Internal Representations of the Gay Community in France and in the US: The Impact of Legal Recognition

Wednesday, June 26, 2013
2.13 (Binnengasthuis)
Michael Stambolis-Ruhstorfer , Sociology, University of California, Los Angeles
The idea that gays and lesbians form a community based on common political goals and shared experiences of exclusion has been a feature of gay activist accounts since the 1960s. By uncritically speaking in terms of a “gay community,” social movement organizers, the media, and scholars take for granted that gays and lesbians have a sense of belonging in an “imagined community” whose contours are well defined. But do individual gays and lesbians see themselves as members of a group and what does “gay community” mean to them? To answer this question, I conducted in-depth interviews with 25 French and 28 American gays and lesbians to see whether and how they speak of “gay community.” I expected that Americans would express a sense of belonging but that anti-communautarisme and a commitment to universalism in France would pose a barrier to the discourse of community for French respondents.

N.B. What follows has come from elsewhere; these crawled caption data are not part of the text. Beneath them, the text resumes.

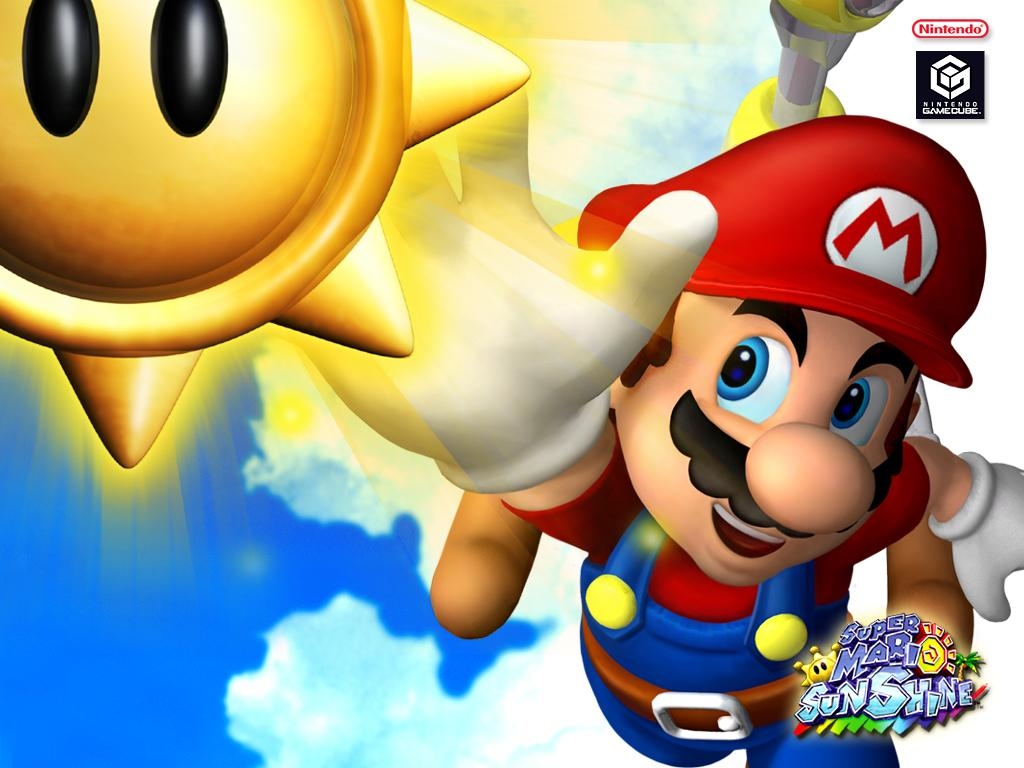 1030x770 Super Mario Sunshine (2002) promotional art, Desktop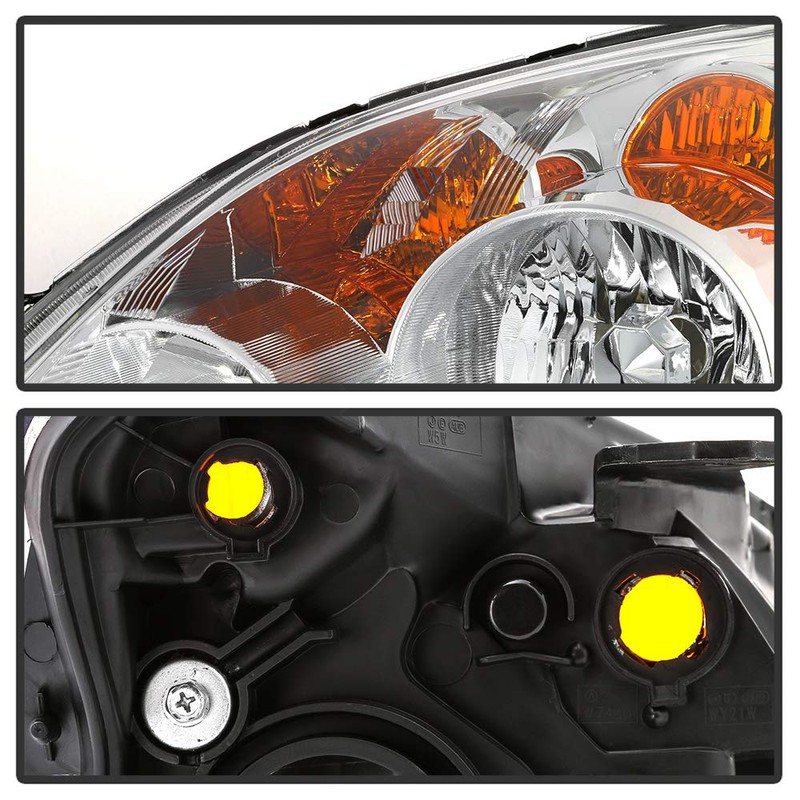 ACANII - For 2005-2006 Honda CRV C-RV Chrome Housing Headlights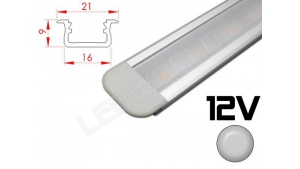 Réglette LED Encastrable 21x9mm Couleur Alu Camping Car/Utilitaire 12V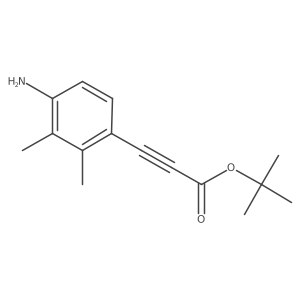 Tert-butyl 3-(4-amino-2,3-dimethylphenyl)prop-2-ynoate结构式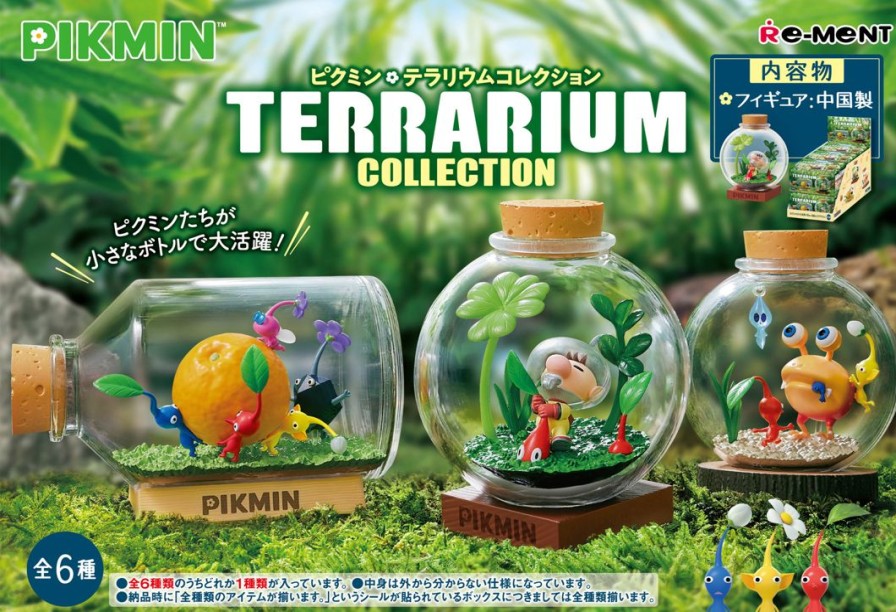 Pikmin: Terrarium Collection: 1Box (6Pcs) (Reissue) Wholesale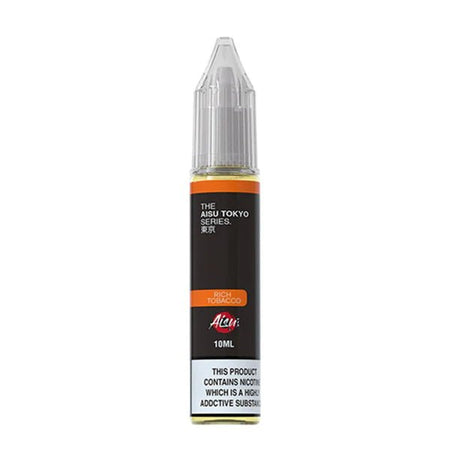 Aisu Tokyo Nic Salts rich tobacco 10ml nic salt bottle on a white background - uk vape sales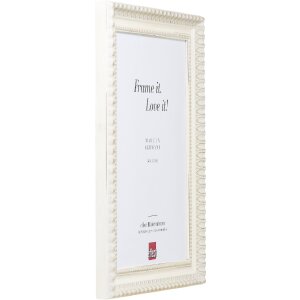 Espejo de pared de madera con perfil 56 blanco 40x50 cm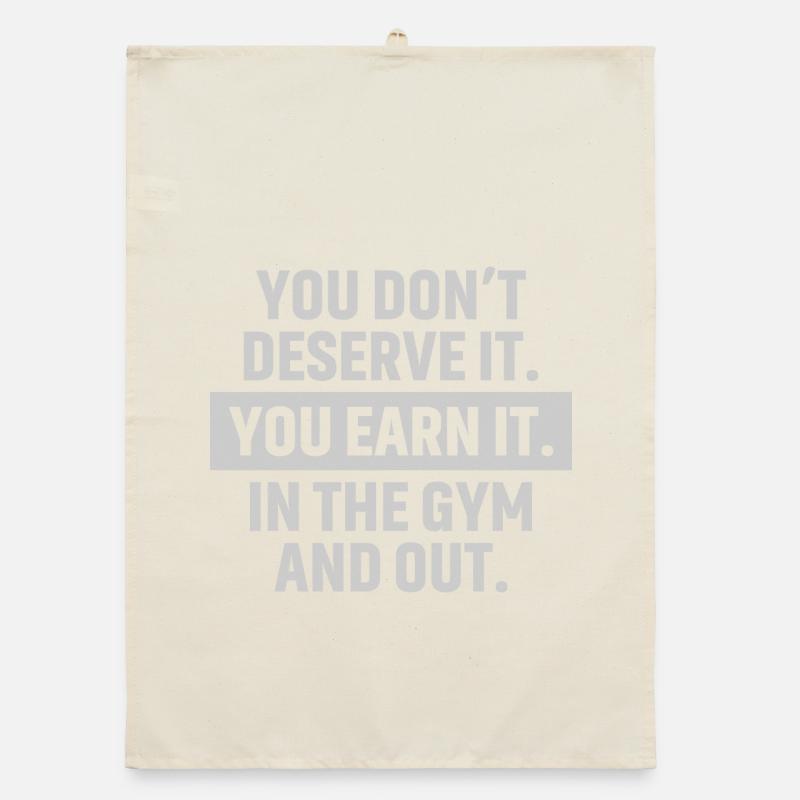 Vous ne le méritez pas, vous le méritez Torchon bio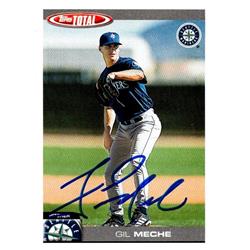 651072 Gil Meche Autographed Baseball Card - Seattle Mariners, FT - 2004 Topps Total No.377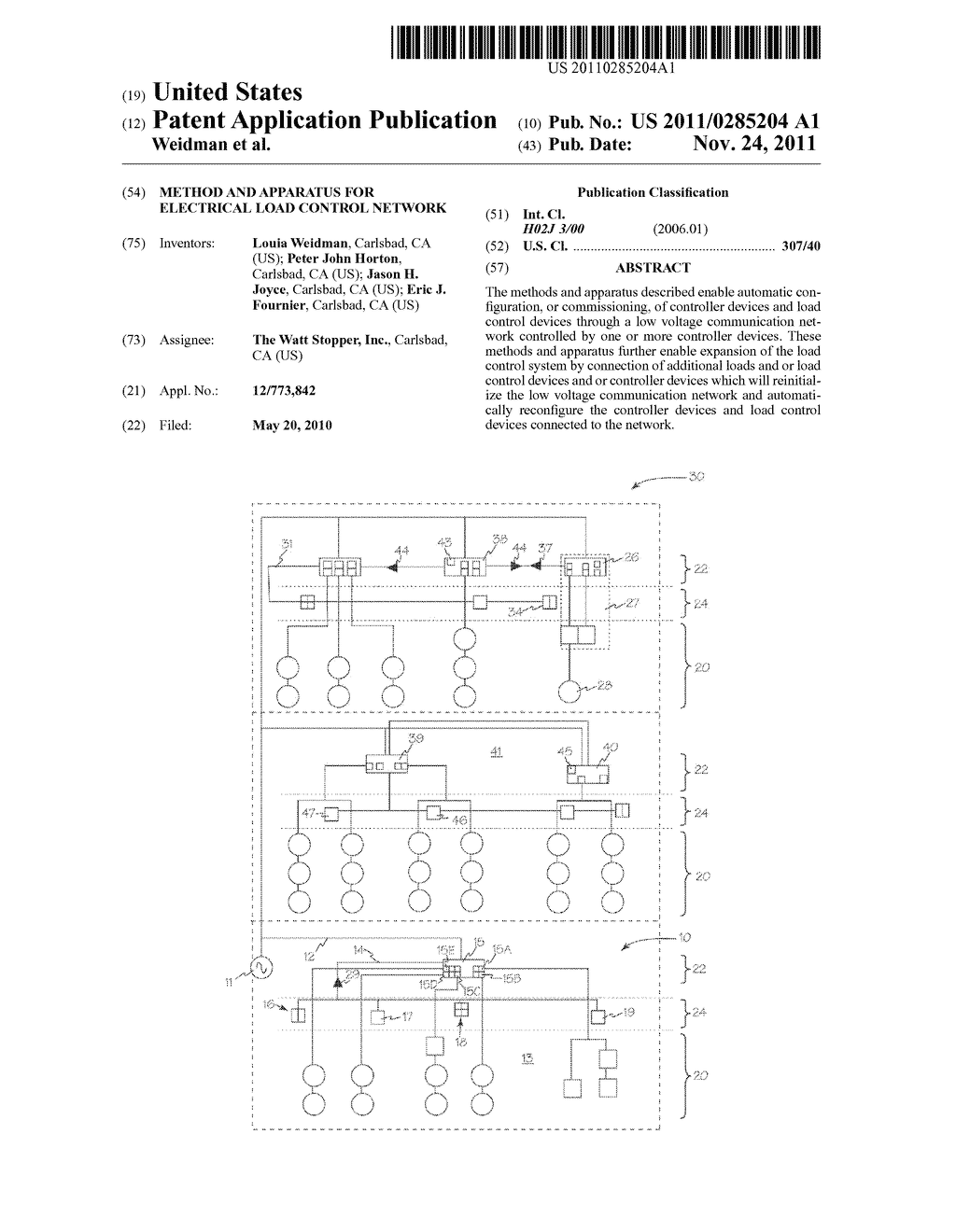 Method and apparatus for electrical load control network - diagram, schematic, and image 01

I find that American respondents often define “gay community” in terms of imagined links to others while French gays and lesbians – who were less likely say they belong to the “gay community” – define it in terms of neighborhoods and participation in specific activities. I discuss how these divergences in meaning can be understood through differences in legal recognition for gays and lesbians in each country and the discourse deployed by social movement organizations fighting for equality.